Items listed in a dataset:
⟨
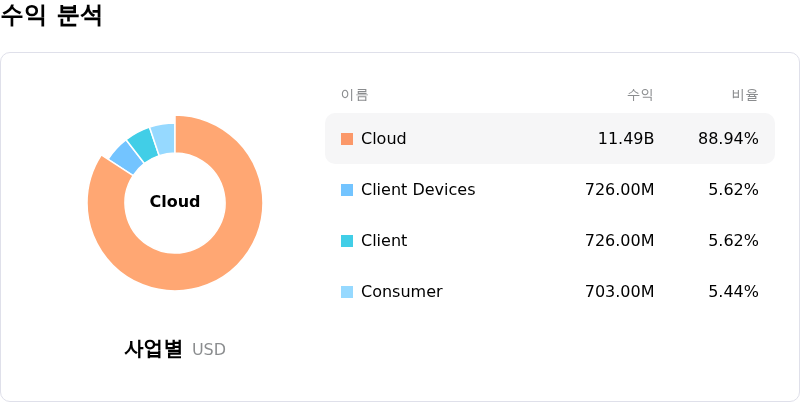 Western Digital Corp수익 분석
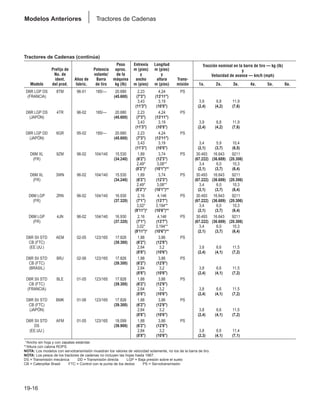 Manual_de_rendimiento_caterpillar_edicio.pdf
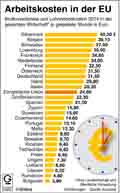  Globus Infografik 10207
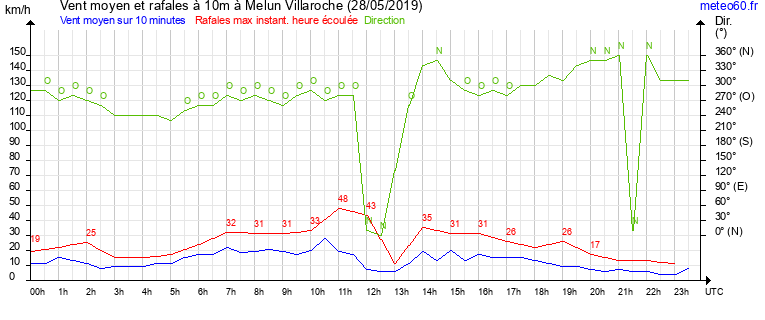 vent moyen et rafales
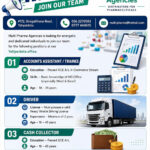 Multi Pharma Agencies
⟩
The response has to be an exact copy of all the data, pictures excluded.

 Western Digital Corp수익 분석
 Manual_de_rendimiento_caterpillar_edicio.pdf
  Globus Infografik 10207
 vent moyen et rafales
 Multi Pharma Agencies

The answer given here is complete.